At this point, I was meant to be at Chef James workshop, however, after my Bowen experience with Angela, I realised I hit my peak from all the excitement of the past 24 hours and promptly took myself off for a rest.
That night there was a Banquet Dinner – a three-course sit-down affair, or for those more budget conscious, a Buffet Dinner in the hotel’s restaurant. Everyone was allowed to join in for the after-dinner entertainment with Chris Cox – mind reader extraordinaire, who brought the house down with tiger print swimsuit and leggings. Something I don’t think I’ll forget for a while! The fundraising efforts of members were also recognised with the presenting of the LPUK Fundraising Certificate and the Positively Unique Awards. Then it was time to let your hair down and dance the night away with DJ Elliott.
The final day of the convention saw members braving the Bear Grylls Survival Academy despite the rain and a dance workshop with Life Being Little blogger, Danielle Webb.
It was sadly time to say goodbye and to head off home.

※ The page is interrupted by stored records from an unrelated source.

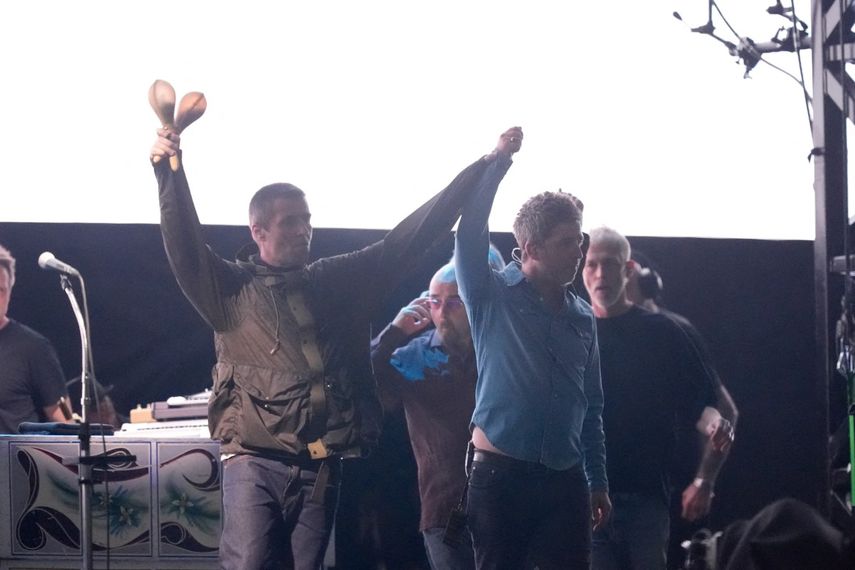 Liam Gallagher, vocalista, y Noel Gallagher, cantante y guitarrista de la banda británica de rock Oasis, suben al escenario del Principality Stadium de Cardiff el 4 de julio de 2025 para el concierto inaugural de su esperadísima gira de reunión, casi 16 años después de su última actuación juntos.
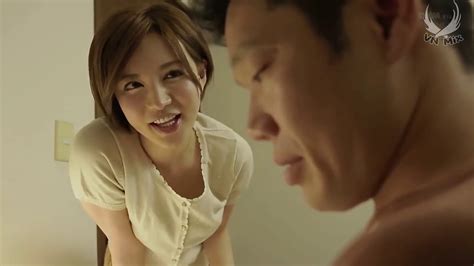 Film yang diproduksi pada tahun 2014 ini menceritakan perselingkuhan antara perwira tentara dengan istri bawahannya. Hot Semi Oo1 Film Semi Korean Terbaru 2019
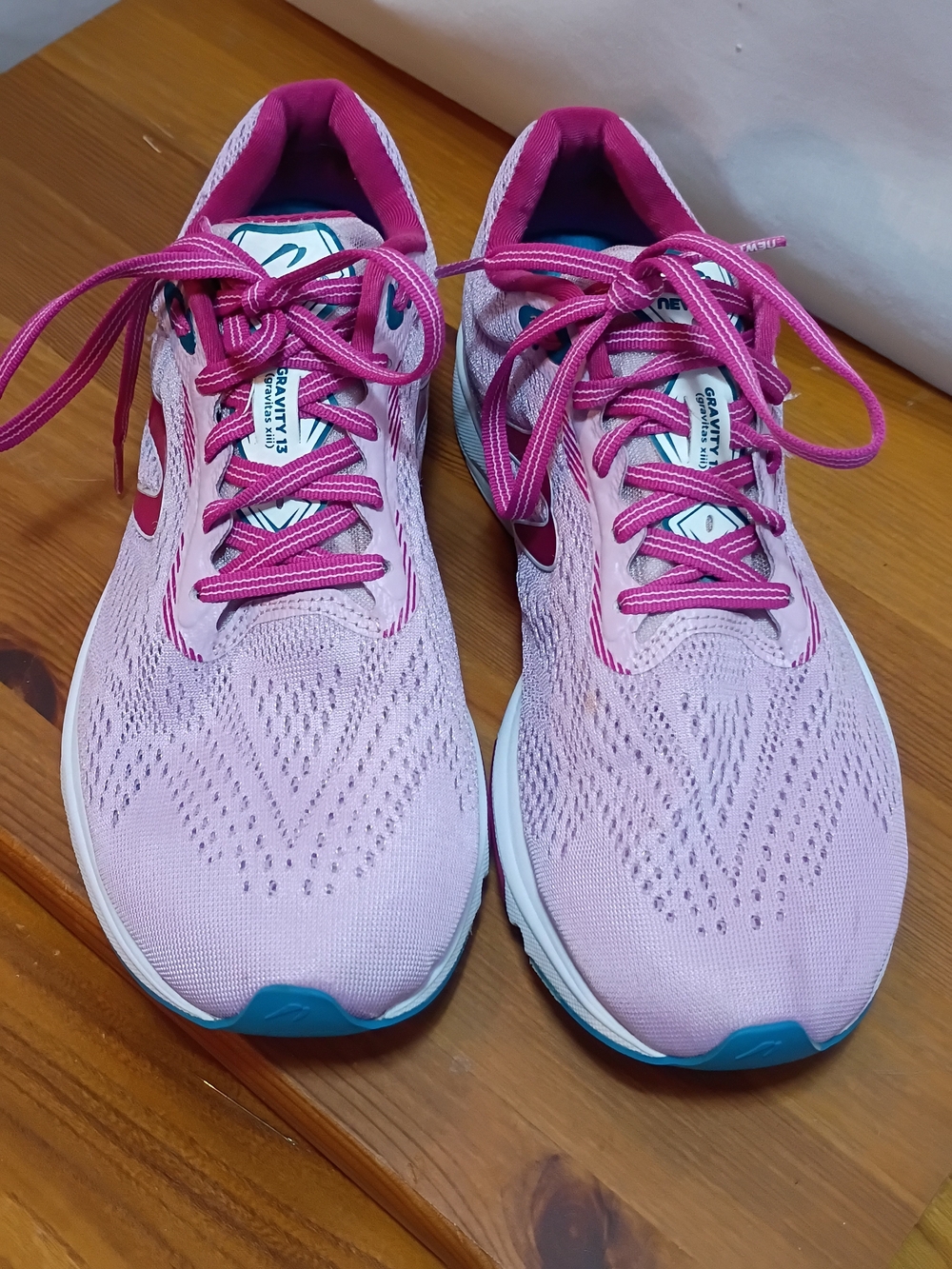 Women’s Gravity 13 Running Shoes - Neutral, Lightweight Daily Lavender/Lilac - Picture 2 of 9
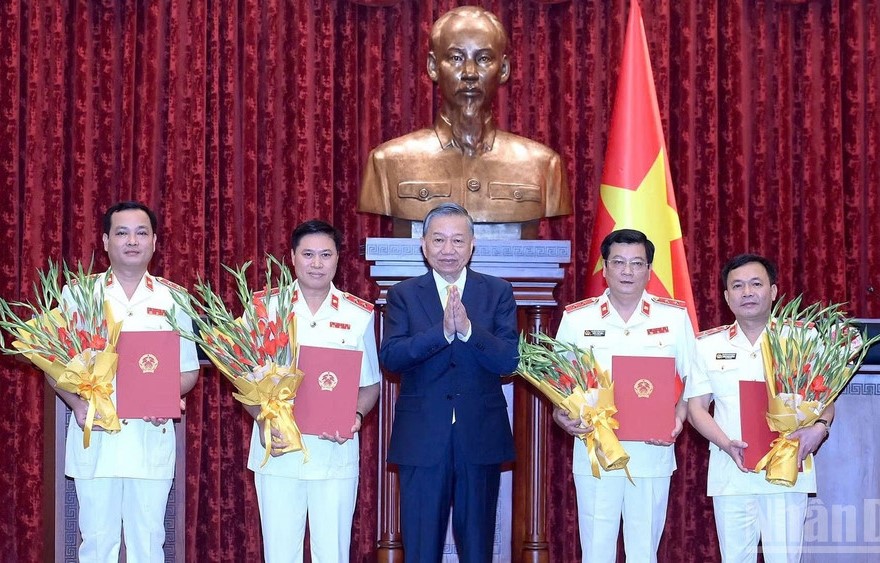 Trao quyết định bổ nhiệm chức danh Kiểm sát viên Viện Kiểm sát nhân dân tối cao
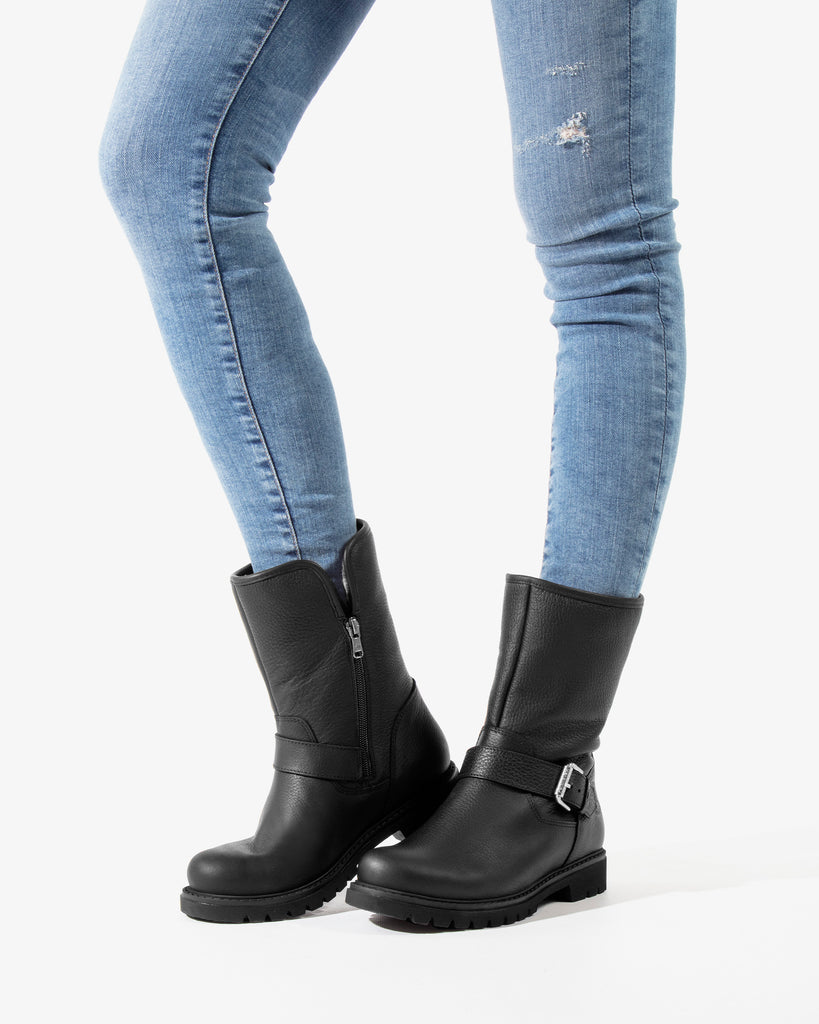 Singapur botas de piel con forro interior de pelo. negro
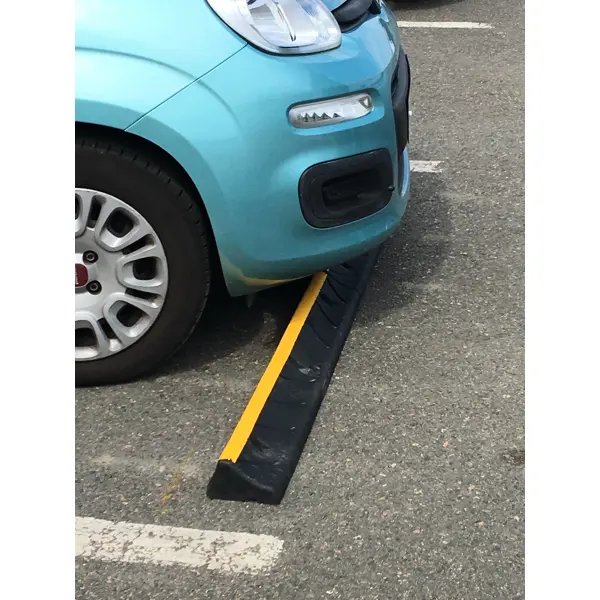 Parkovací doraz pro osobní automobily a dodávky WheelStop 1000 – 1000×140×80 mm, černo-žlutá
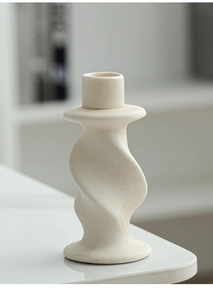 Dettaglio del portacandele in ceramica crema con texture naturale e design nordico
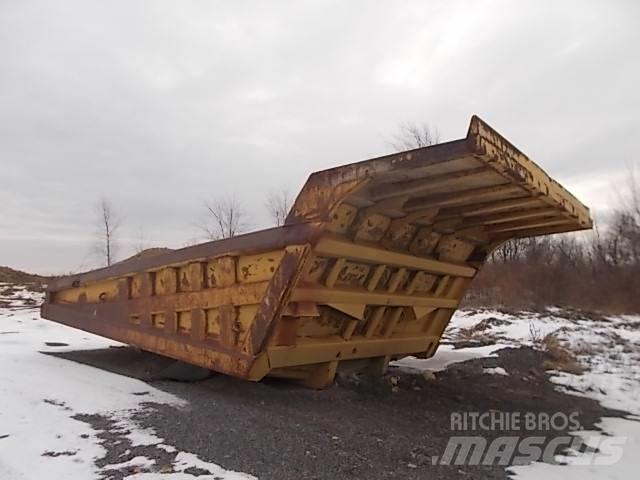 CAT 777B 剛性傾卸卡車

My Thoughts On The LPUK Convention
The convention was incredibly refreshing and a very positive experience. There was something for all the family to do and experience. My daughter met and was able to play with other children with Dwarf mums. My husband had a chance to socialise too. The activities were fun and relevant. I only wish they had been more time to do all the activities.
I cannot put into words how priceless it is to feel completely safe on the dancefloor and just be yourself without worrying about being knocked or attracting negative attention. There’s also something very special about being with people who understand the experiences you go through. To laugh at the absurdities, the crap stuff, to not have to explain or placate lived experiences because we all already ‘get it’ and provide each other with advice, support and solidarity. It was wonderful to catch up with friends, make new and meet those who I had connected with online.
What I love about these types of conventions is that you could go on your own and you’d come away with friends for life. Personally, I came away from the convention feeling ‘topped up’. Ready to take on the world (and the stares) again. Any worries, doubts or anxieties melted away and it was a rarity to be able to ‘just be’ in a space other than my own. It’s events like this that can make all the difference to a person’s confidence, acceptance of their identity and disability. To be able to relax and enjoy themselves with people who understand what life is like living with Dwarfism.
I’d like to extend a huge, warm heartfelt thank you to Sammy and Rebecca for all their hard work for making the convention such a wonderful and welcoming event. Let the countdown begin for next year’s!